A: Adding an electron to a bare $H^+$ ion is an important process in astrophysics.
It is also a relatively low probability process because energy must be released by photon emission (or some other process) to enable the electron to drop in energy into an Atomic Orbital.
I agree with ACuriousMind that whether the orbital exists or not when unoccupied is a matter of definition.
I would like to add that there is not any

transitory phase

An electrons drops into unoccupied orbital level and a photon is released.
This process is known as radiative recombination. A description is given here. 
Edit after good comment from Floris. If the electron only remains in the atomic orbital for a very short time after it is captured then energy/lifetime uncertainty broadening means that the energy of the atomic orbital will be a bit uncertain and a somewhat broad range of photon energies would be observed.
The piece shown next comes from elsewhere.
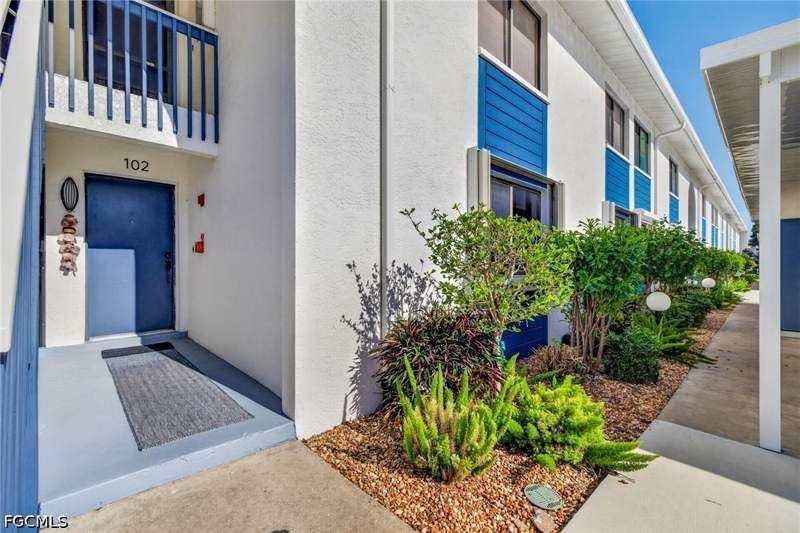 2 bedroom Condominium at 4904 Vincennes St 102, La Palapa Condo, Cape Coral — photo 2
If, on the other hand, the state formed is stable on a longer time scale the photon released would have a narrower energy range and the energy of the atomic orbital would be better defined. (Final comment - the energy of the photon will be the energy of the electron intially plus the energy release in formation of the hydrogen atom - if the free electrons which are captured by the ions have all have close to zero kinetic energy - or all have the same energy above zero then we might expect the photons emitted to give a spectrum of lines reflecting the energy lost by the electron as it is captured) 
A: Atomic orbitals are the states of the mutual motion! Few people know that the nucleus moves around the atomic center of mass and produces a "positive charge cloud" or "orbital" strongly depending on the state $\psi_n$. If you consider a positronium, both "clouds" coincide in size. When we speak of an orbital, it is normally the relative distance who is an "orbital".